Phillips R E, Warrell D A, White N J, Looareesuwan S, Karbwang J
N Engl J Med. 1985 May 16;312(20):1273-8. doi: 10.1056/NEJM198505163122001.
Quinidine has proved more effective than quinine against chloroquine-resistant Plasmodium falciparum both in vitro and in patients with uncomplicated disease. To examine the effectiveness and pharmacokinetics of quinidine for this use, we treated 14 patients who had severe falciparum malaria with intravenous quinidine gluconate; a loading dose of 15 mg of the base per kilogram of body weight was followed by 7.5 mg per kilogram every eight hours. Two of the five patients with cerebral malaria died, but parasitemia was eliminated in the 12 survivors. Two patients had recurrent parasitemia on Days 25 and 28. Times required for parasite clearance and elimination of fever (49.4 +/- 17.8 and 69.5 +/- 18.7 hours, respectively) were comparable to those in earlier studies with a loading dose of quinine. Quinidine appears to have a larger volume of distribution than quinine. The elimination half-life was 12.8 hours, the volume of distribution was 1.68 liters per kilogram, total clearance was 1.75 ml per kilogram per minute, and urinary clearance was 0.62 ml per kilogram per minute. Electrocardiographic changes were common but there were no dysrhythmias. In two patients, blood pressure fell during the initial infusion of quinidine. Quinidine gluconate is more widely available than quinine in many countries, and our findings show that it is effective in severe falciparum malaria.

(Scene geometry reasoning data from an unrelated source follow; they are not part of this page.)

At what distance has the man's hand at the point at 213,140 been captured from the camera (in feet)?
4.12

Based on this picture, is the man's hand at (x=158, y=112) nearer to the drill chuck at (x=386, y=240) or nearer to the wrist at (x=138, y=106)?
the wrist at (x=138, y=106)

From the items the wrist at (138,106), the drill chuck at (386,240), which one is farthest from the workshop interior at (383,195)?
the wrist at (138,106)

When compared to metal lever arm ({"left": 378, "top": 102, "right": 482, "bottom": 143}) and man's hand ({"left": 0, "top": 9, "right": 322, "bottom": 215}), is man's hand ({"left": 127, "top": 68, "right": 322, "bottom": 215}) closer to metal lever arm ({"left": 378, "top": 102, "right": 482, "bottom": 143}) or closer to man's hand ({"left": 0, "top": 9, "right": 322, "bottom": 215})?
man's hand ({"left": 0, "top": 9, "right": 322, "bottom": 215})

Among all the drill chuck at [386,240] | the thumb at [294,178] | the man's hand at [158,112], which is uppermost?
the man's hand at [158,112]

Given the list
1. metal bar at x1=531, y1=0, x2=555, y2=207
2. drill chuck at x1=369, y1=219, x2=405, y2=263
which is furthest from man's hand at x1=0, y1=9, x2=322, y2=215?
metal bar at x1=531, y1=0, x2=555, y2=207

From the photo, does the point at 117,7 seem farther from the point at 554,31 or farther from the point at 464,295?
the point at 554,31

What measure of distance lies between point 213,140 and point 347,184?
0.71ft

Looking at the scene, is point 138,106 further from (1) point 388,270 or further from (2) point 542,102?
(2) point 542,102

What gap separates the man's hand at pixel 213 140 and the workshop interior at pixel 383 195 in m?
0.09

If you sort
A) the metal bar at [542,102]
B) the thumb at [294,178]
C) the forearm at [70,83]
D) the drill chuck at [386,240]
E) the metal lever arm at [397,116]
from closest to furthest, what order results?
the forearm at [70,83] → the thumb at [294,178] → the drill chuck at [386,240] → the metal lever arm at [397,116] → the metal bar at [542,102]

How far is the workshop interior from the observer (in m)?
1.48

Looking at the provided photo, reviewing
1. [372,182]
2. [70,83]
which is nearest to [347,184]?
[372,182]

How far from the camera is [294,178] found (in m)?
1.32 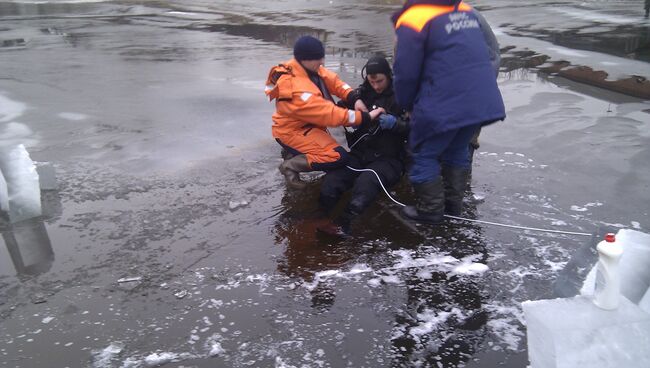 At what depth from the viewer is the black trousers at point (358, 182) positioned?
13.6 feet

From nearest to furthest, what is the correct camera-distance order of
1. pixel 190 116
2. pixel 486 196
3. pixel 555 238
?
pixel 555 238 < pixel 486 196 < pixel 190 116

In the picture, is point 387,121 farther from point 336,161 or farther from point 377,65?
point 336,161

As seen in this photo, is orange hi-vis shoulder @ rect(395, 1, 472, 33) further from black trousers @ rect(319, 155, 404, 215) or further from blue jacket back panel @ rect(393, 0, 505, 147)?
black trousers @ rect(319, 155, 404, 215)

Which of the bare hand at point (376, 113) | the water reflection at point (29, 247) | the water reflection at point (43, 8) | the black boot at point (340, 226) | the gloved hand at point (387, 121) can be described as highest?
the water reflection at point (43, 8)

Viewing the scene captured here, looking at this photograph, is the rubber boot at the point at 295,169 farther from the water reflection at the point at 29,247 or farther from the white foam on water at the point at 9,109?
the white foam on water at the point at 9,109

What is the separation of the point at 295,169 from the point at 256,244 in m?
1.06

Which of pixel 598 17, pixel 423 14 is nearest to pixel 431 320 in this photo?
pixel 423 14

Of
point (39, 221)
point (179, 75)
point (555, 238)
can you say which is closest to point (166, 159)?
point (39, 221)

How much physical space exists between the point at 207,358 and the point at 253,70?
26.0ft

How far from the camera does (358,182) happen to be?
4.27 m

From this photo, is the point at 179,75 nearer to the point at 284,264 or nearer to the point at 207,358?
the point at 284,264

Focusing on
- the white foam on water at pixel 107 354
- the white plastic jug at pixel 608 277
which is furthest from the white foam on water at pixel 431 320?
the white foam on water at pixel 107 354

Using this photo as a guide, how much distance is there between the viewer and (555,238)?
3957mm

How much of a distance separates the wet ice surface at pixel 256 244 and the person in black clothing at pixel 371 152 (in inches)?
8.8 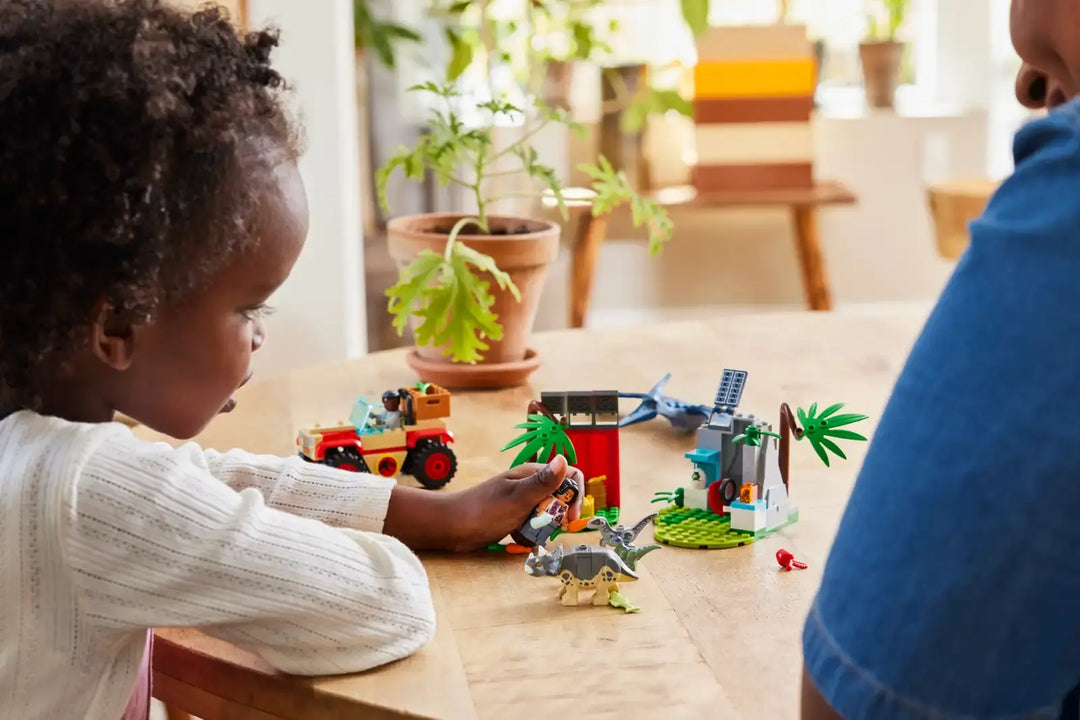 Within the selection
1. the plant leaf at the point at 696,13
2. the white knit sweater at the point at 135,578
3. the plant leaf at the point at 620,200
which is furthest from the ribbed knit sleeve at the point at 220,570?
the plant leaf at the point at 696,13

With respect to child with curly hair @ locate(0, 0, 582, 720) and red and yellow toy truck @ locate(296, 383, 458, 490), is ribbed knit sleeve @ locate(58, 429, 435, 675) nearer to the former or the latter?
child with curly hair @ locate(0, 0, 582, 720)

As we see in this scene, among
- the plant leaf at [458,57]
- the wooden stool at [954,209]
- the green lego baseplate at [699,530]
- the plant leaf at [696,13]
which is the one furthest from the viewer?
the plant leaf at [458,57]

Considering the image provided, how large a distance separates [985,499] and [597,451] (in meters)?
0.53

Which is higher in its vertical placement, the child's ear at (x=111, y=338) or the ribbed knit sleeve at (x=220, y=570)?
the child's ear at (x=111, y=338)

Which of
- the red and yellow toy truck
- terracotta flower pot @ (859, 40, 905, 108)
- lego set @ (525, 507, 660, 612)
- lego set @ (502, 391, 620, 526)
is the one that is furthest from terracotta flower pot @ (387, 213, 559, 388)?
terracotta flower pot @ (859, 40, 905, 108)

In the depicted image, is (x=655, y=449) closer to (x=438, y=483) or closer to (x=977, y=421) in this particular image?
(x=438, y=483)

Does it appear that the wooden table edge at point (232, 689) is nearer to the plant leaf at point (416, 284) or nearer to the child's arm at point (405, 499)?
the child's arm at point (405, 499)

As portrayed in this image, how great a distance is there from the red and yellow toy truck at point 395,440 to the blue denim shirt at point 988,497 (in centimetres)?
59

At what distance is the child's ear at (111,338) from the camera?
0.78m

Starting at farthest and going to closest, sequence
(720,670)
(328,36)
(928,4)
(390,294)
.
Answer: (928,4), (328,36), (390,294), (720,670)

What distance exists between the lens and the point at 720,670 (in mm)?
733

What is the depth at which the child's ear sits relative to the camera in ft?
2.55

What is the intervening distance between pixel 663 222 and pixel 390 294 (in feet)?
1.12

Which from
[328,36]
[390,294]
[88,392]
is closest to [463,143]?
[390,294] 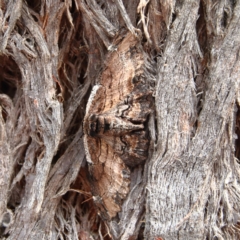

在体外实验以及针对非复杂性疾病患者的治疗中,奎尼丁已被证明在对抗氯喹耐药的恶性疟原虫方面比奎宁更有效。为了研究奎尼丁用于此用途的有效性和药代动力学,我们用静脉注射葡萄糖酸奎尼丁治疗了14例严重恶性疟疾病例;先给予每千克体重15毫克碱基的负荷剂量,随后每八小时给予每千克体重7.5毫克。五例脑型疟患者中有两例死亡,但12名幸存者的疟原虫血症被清除。两名患者在第25天和第28天出现疟原虫血症复发。疟原虫清除和退热所需时间(分别为49.4±17.8小时和69.5±18.7小时)与早期使用奎宁负荷剂量的研究结果相当。奎尼丁的分布容积似乎比奎宁大。消除半衰期为12.8小时,分布容积为每千克体重1.68升,总清除率为每分钟每千克体重1.75毫升,尿清除率为每分钟每千克体重0.62毫升。心电图改变很常见,但未出现心律失常。两名患者在最初输注奎尼丁时血压下降。在许多国家,葡萄糖酸奎尼丁比奎宁更容易获得,我们的研究结果表明它对严重恶性疟疾有效。